Cystic fibrosis is a disease of the lungs which is caused by a malfunction of the CFTR gene. The said gene codes for the channel or transporter of chloride and water across the semi-permeable membrane of the cell. The most prominent clinical manifestation of this disorder is salty sweat, and is always checked to help diagnose the disease. People affected with this disorder have excessive production of thick and sticky mucus which consequently clog the airways. The clogged airways provide the perfect medium of growth for several bacterial pathogens.
One of the bacteria that commonly inhabit the airways in cystic fibrosis is Burkholderia cenocepacia. This organism is a member of the Burkholderia cepacia group of bacteria. It is commonly isolated from soil and water. Although an estimated percentage of only 2 to 5 percent of patients with CF are shown to be infected with this group of bacteria, the latter is highly resistant to antibiotics making it a difficult target for therapeutic agents.
In a recent biomedical science research published in the May issue of PLoS One, it was concluded that the use of IFN-γ as an immune booster by activating a natural cell death process called autophagy, has shown to be effective in the eradication of this lethal bacterial infection in cystic fibrosis.
Dr. Benjamin T. Kopp, senior author of the study, principal investigator for the Center for Microbial Pathogenesis, pulmonologist at Nationwide Children’s and assistant professor of pediatrics at The Ohio State University College of Medicine, explained that the multi-drug resistant property of B. cenocepacia imposes cocktail medication therapy on patients and physicians can only hope for the favorable effects of the combined drugs to take effect.
IFN-γ, which is produced by the IFNG gene found in humans, is a stimulator of the immune system.
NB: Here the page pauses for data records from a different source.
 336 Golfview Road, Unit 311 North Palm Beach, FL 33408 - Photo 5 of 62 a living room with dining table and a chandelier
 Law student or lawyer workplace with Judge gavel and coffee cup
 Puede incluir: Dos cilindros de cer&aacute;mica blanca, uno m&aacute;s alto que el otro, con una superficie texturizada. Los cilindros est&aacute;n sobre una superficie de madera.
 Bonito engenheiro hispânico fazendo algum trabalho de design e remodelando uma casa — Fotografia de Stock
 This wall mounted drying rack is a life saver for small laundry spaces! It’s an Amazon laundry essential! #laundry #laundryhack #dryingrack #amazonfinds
The cytokine was previously shown in past studies to have the capability of stimulating autophagy. In diseases such as cystic fibrosis, this process of natural death and cell degradation was found to be inhibited.
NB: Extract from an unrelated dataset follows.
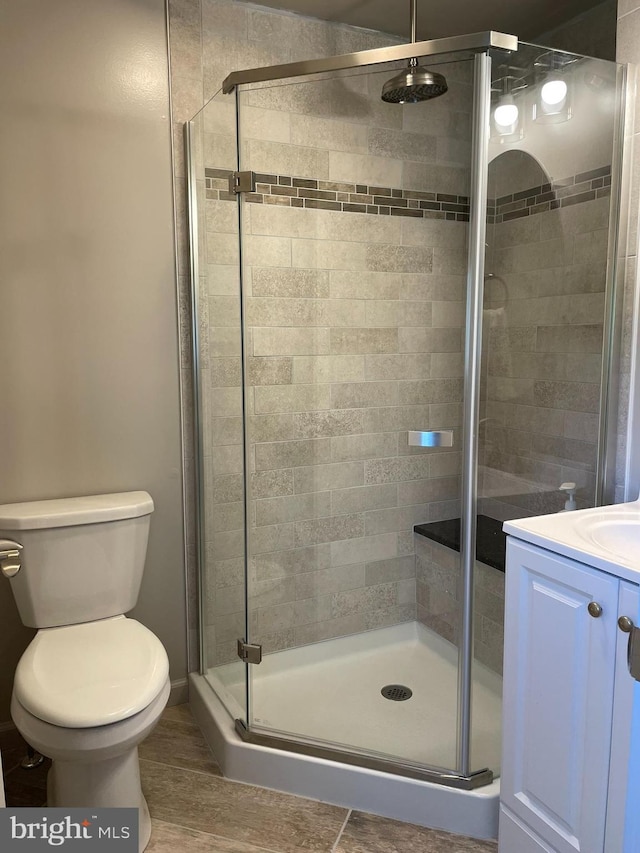 full bath featuring vanity, toilet, wood finished floors, and a stall shower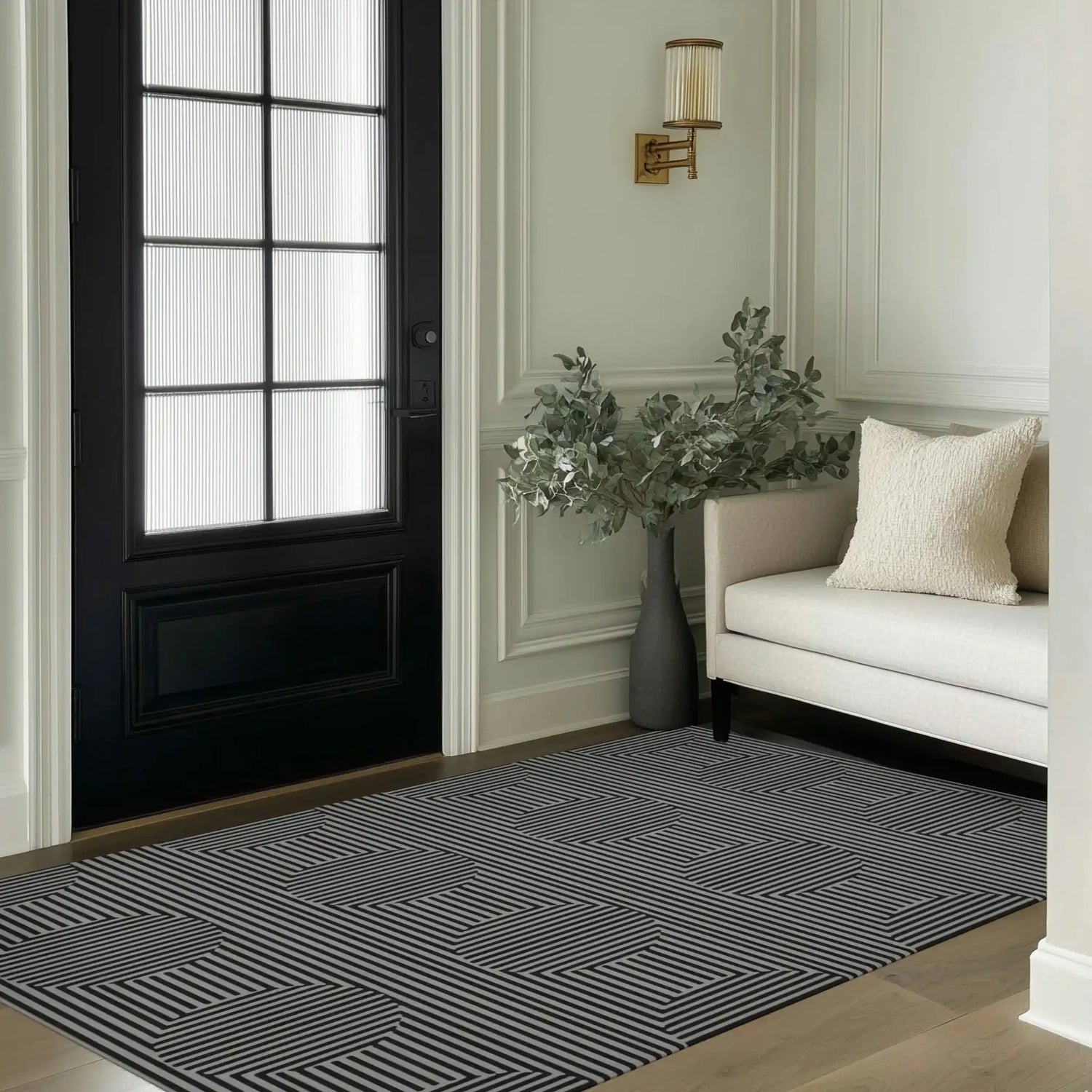 A stylish Contemporary Eclipse Illusion Hand Tufted Wool Rug displayed in a modern entryway. The area rug features a bold geometric pattern, perfect for enhancing the aesthetics of a living room or office. Its monochrome design complements the elegant decor, including a beige sofa and greenery, making it an ideal choice for those seeking quality wool rugs for living spaces.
The study was done by isolating macrophages from patients who were affected with cystic fibrosis (CF) and from those who were not. The macrophages where then cultured and manually infected with B. cenocepacia. Studies of the macrophages from CF patients showed decreased levels of IFN-γ. The macrophages were then treated with synthetic IFN-γ, which was found to enhance autophagy in the cultured cells and decreased the colonization of the bacteria.
The objective of their study, Kopp explained, is to prove that the administration of IFN-γ can indeed stimulate autophagy and aid in the eradication of pathogens. And with the results of the study, they have successfully proven their theory and have added yet another contribution to biomedical science innovations.